▸ AVAILABLE RECORDS:
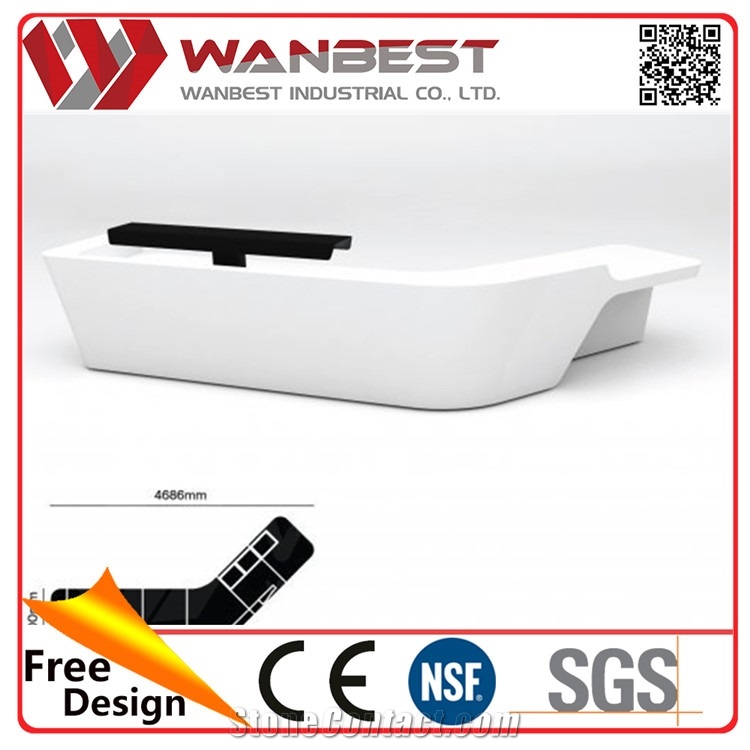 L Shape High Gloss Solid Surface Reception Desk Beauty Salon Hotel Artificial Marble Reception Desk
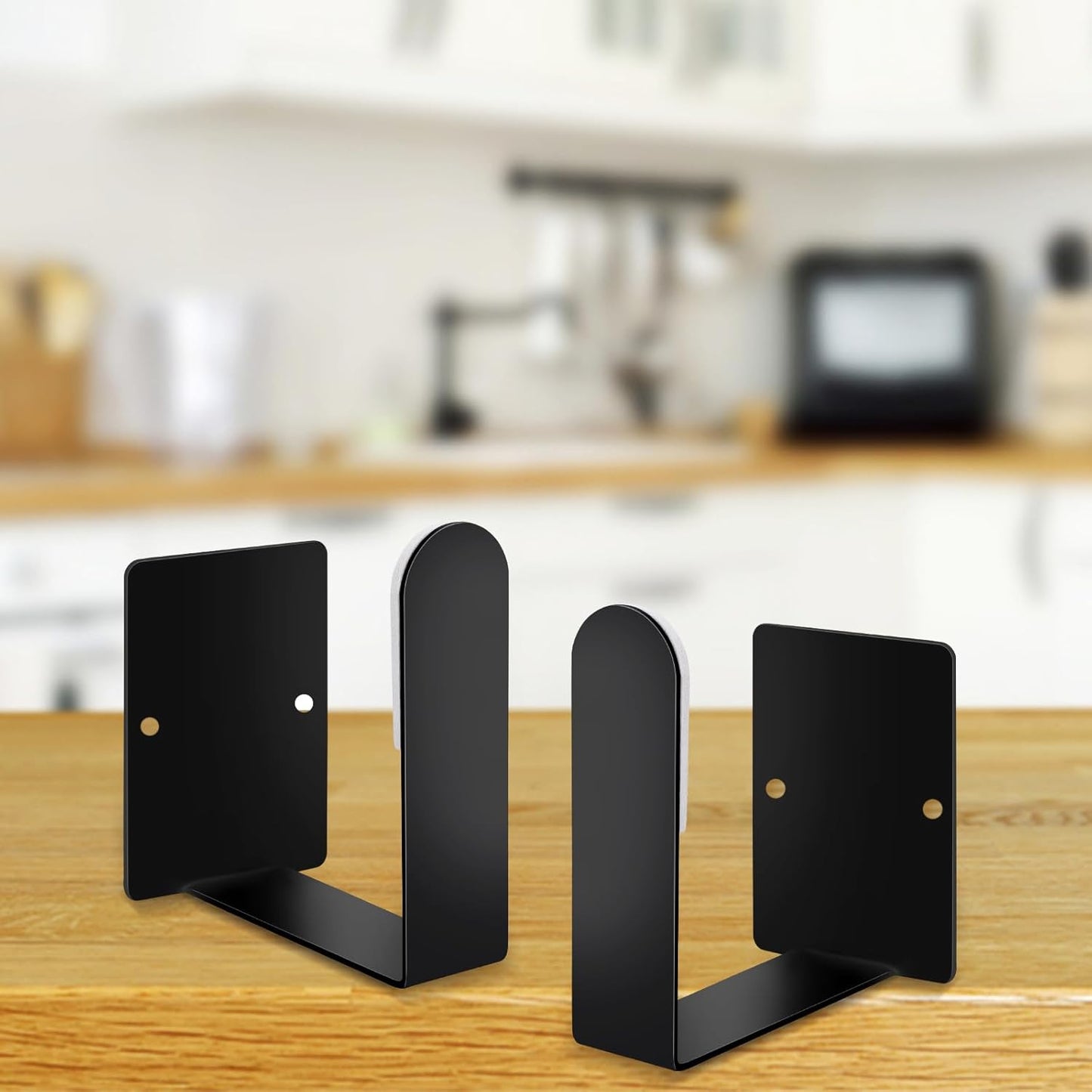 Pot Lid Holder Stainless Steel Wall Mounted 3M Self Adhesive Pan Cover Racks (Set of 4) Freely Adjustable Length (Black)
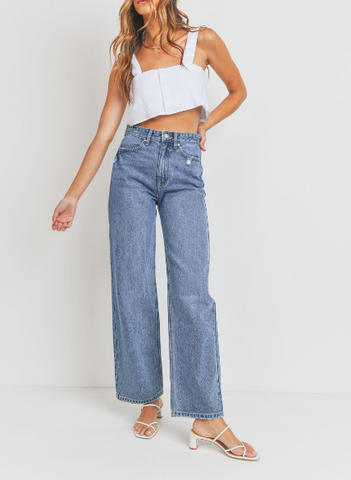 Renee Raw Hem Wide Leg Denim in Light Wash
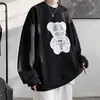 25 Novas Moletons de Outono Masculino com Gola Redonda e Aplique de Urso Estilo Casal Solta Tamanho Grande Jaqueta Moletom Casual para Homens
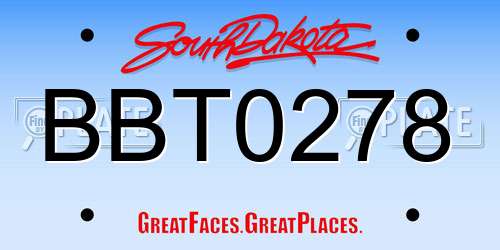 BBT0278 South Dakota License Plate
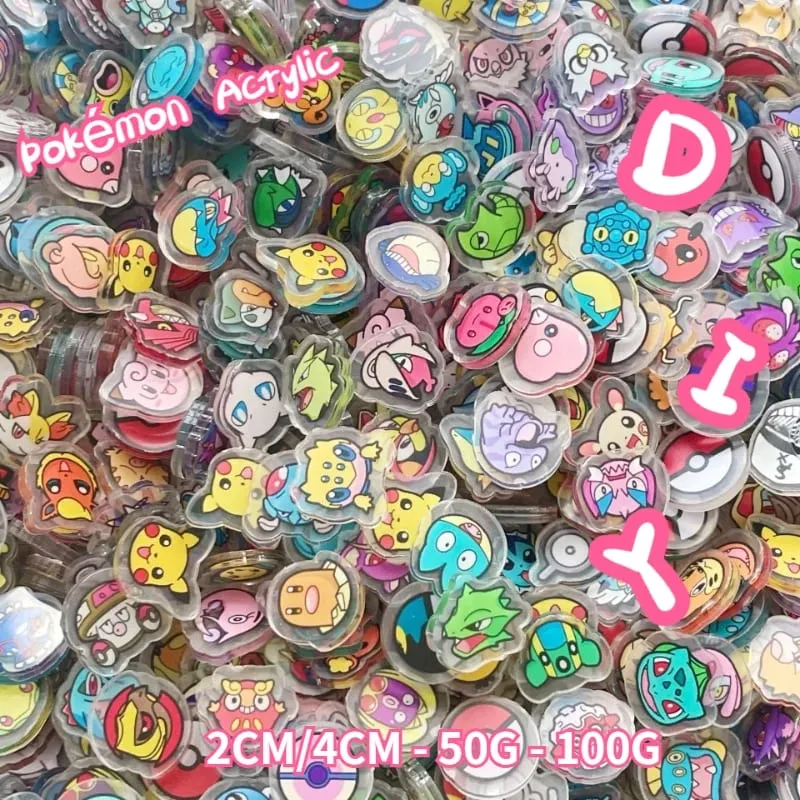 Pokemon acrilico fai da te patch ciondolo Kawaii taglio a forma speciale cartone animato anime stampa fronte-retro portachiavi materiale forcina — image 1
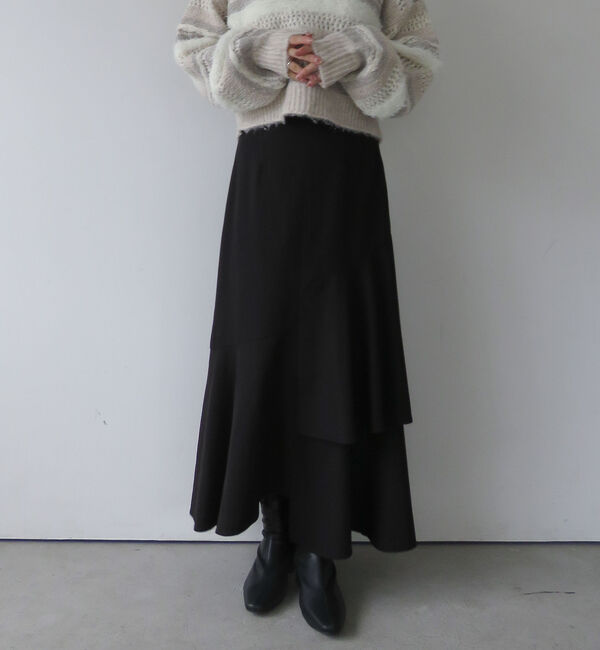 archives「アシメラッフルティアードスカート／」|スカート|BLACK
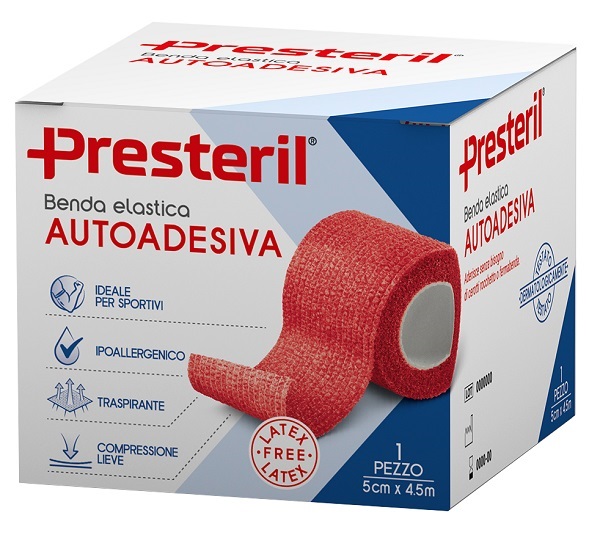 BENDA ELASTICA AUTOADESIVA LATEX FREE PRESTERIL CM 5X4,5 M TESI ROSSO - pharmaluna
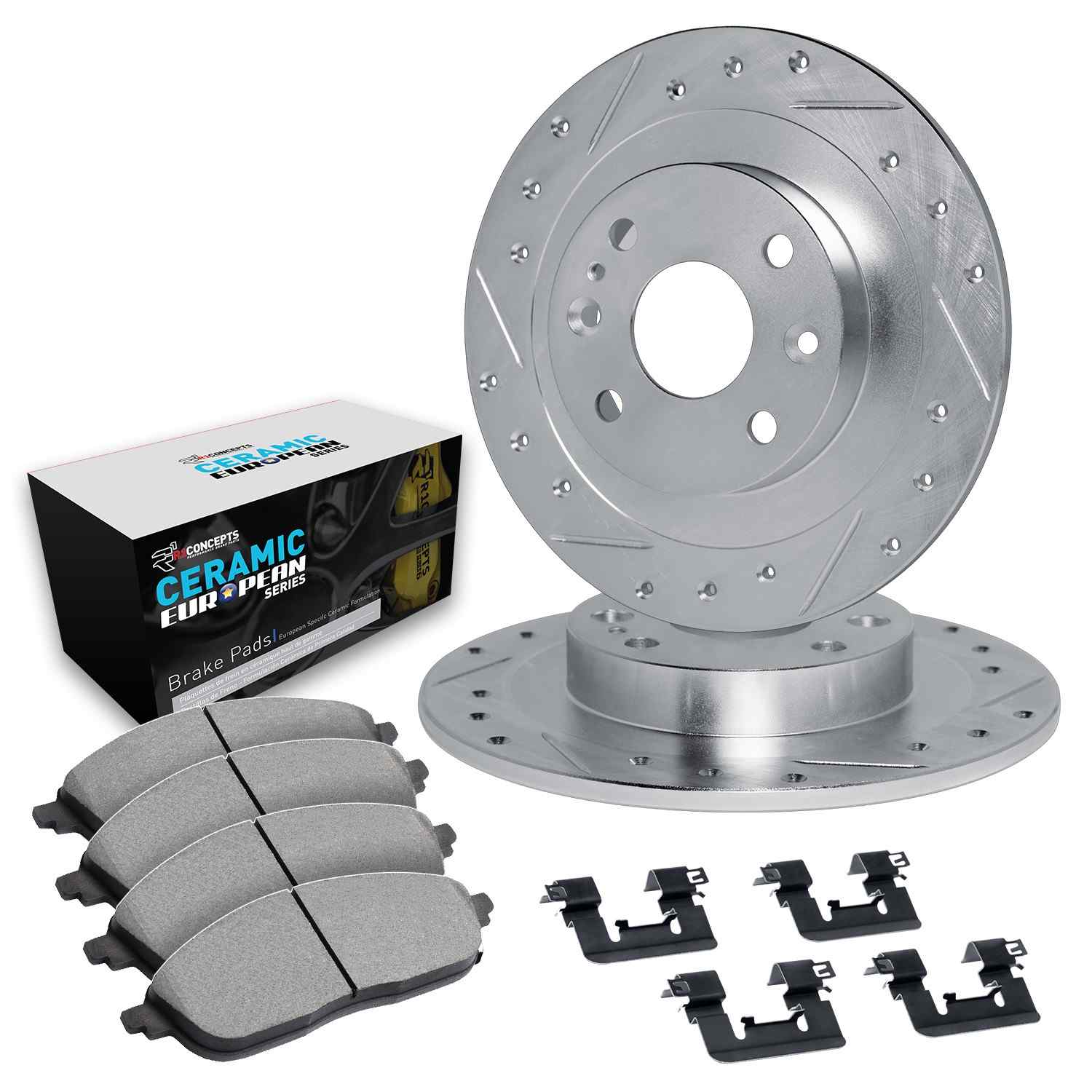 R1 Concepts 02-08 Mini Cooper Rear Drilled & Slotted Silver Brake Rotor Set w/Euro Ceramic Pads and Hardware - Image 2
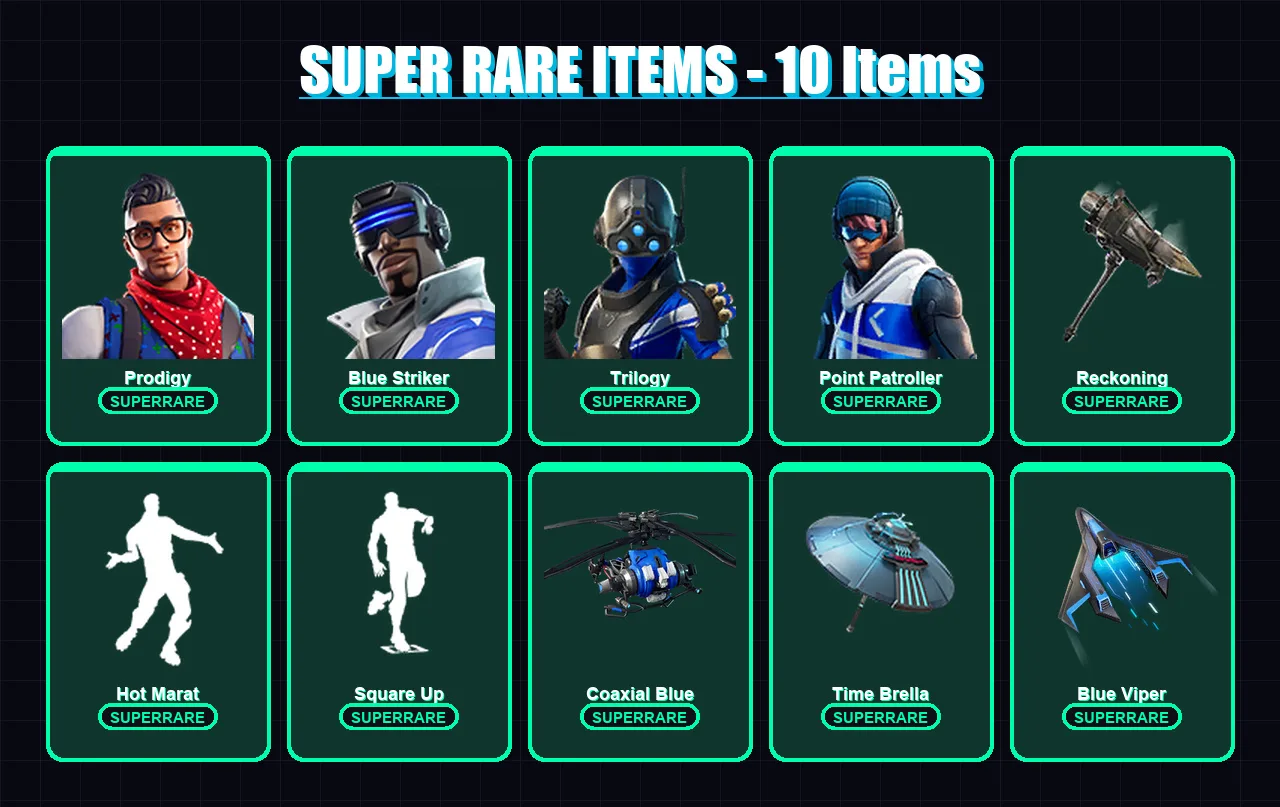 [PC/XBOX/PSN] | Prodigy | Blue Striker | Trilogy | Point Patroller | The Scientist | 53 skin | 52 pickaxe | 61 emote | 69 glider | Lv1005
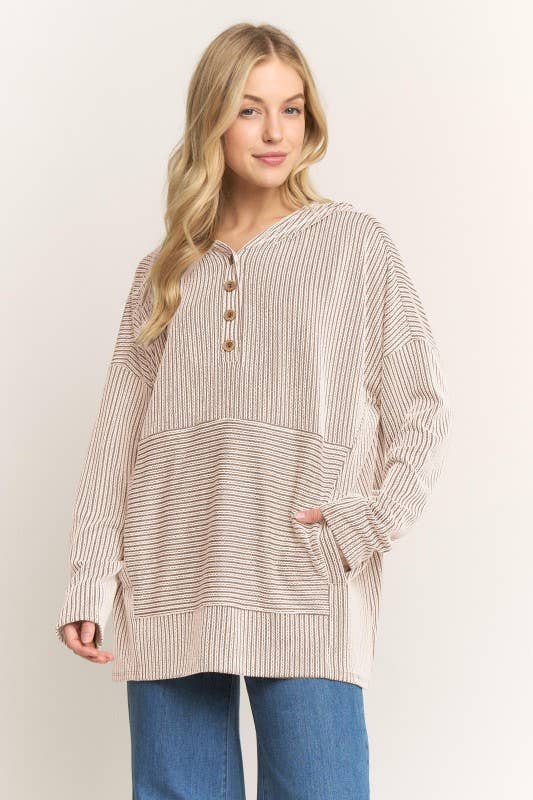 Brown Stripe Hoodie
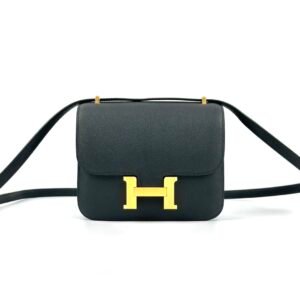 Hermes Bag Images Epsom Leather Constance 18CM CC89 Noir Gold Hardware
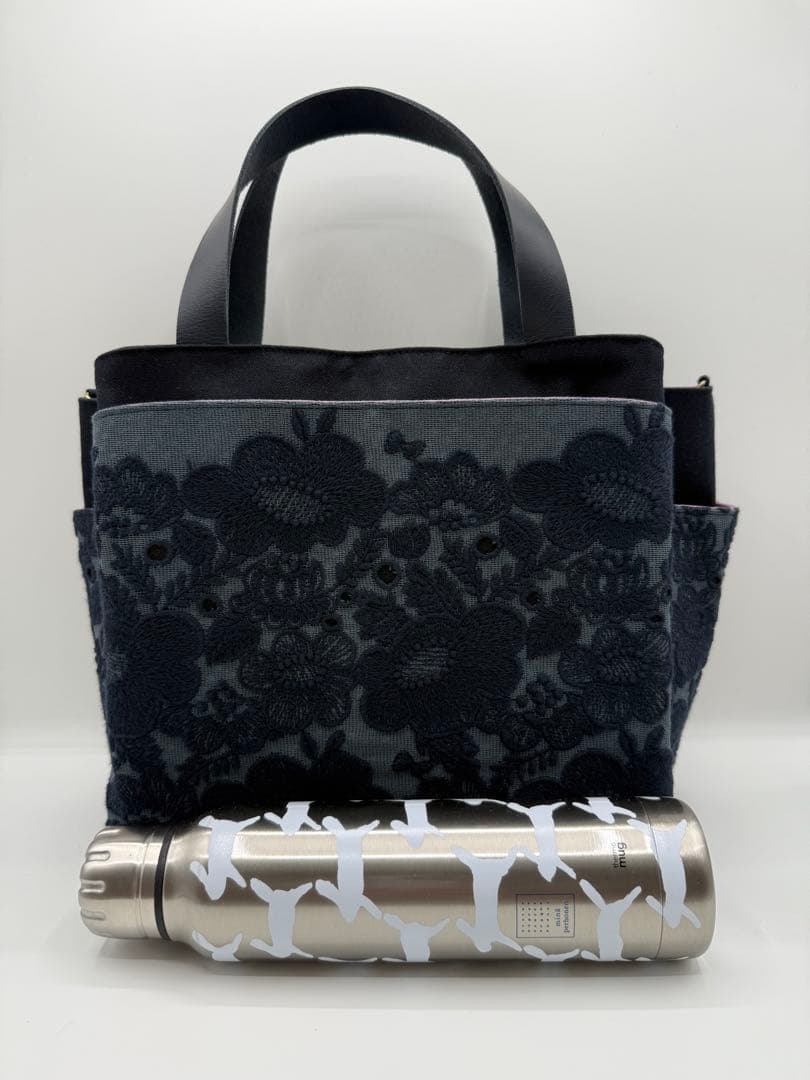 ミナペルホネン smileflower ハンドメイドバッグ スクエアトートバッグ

▸ TASK TO CARRY OUT:
Transcribe every line from the one containing "R1 Concepts 02-08" to the end of the listing, exactly and exclusively. Do not carry any picture over.

▸ OUTPUT BELOW:
 R1 Concepts 02-08 Mini Cooper Rear Drilled & Slotted Silver Brake Rotor Set w/Euro Ceramic Pads and Hardware - Image 2
 [PC/XBOX/PSN] | Prodigy | Blue Striker | Trilogy | Point Patroller | The Scientist | 53 skin | 52 pickaxe | 61 emote | 69 glider | Lv1005
 Brown Stripe Hoodie
 Hermes Bag Images Epsom Leather Constance 18CM CC89 Noir Gold Hardware
 ミナペルホネン smileflower ハンドメイドバッグ スクエアトートバッグ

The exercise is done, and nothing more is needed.